=== RECORDED DATA ===

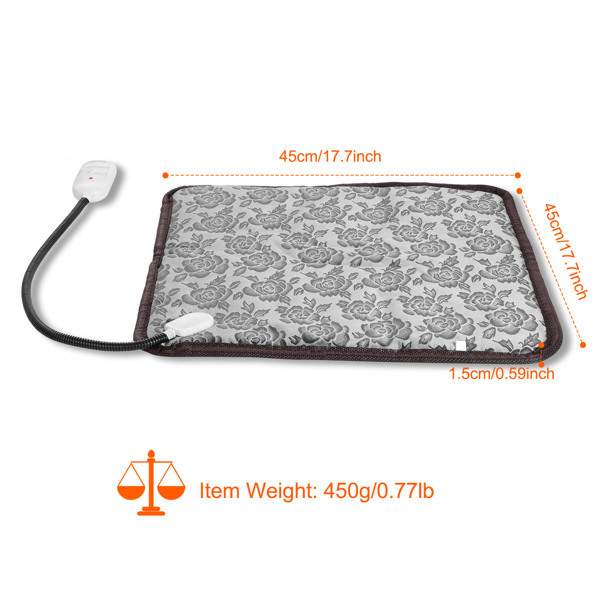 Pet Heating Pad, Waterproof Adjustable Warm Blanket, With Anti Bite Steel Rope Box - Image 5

===
=== RECORDED DATA ===

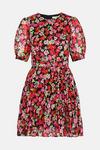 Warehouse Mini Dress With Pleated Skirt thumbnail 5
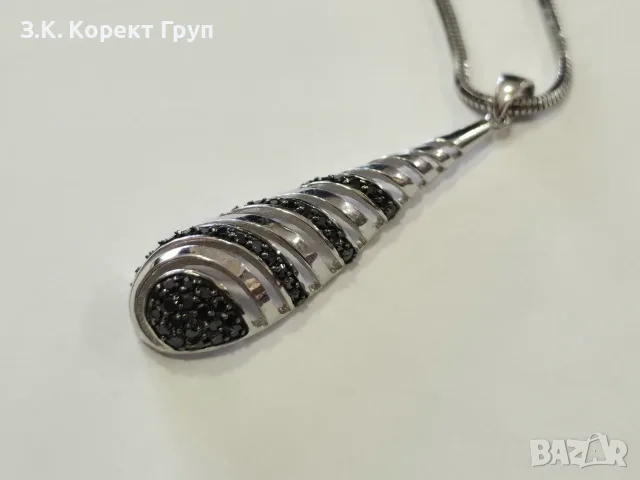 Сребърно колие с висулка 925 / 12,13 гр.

===
=== RECORDED DATA ===

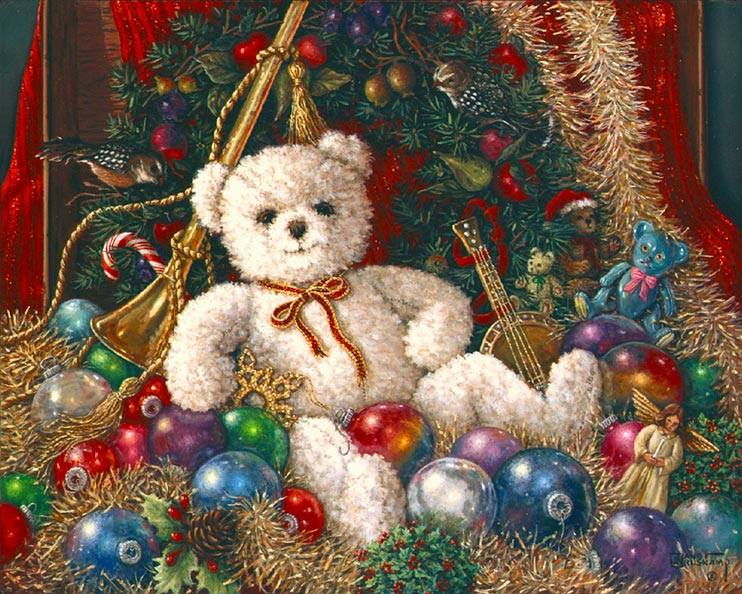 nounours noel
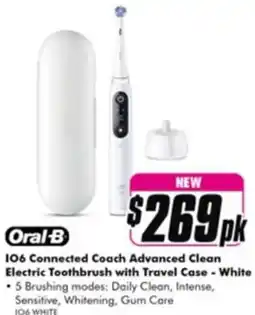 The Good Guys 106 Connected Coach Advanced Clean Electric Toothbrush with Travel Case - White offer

===

» WHAT NEEDS TO BE DONE:
Write out, word for word, the stretch of entries that begins at the line with "Warehouse Mini Dress" and ends at the line with "Сребърно колие с висулка 925 / 12,13 гр.". Pictures do not belong in it.

» COMPLETED TASK:
 Warehouse Mini Dress With Pleated Skirt thumbnail 5
 Сребърно колие с висулка 925 / 12,13 гр.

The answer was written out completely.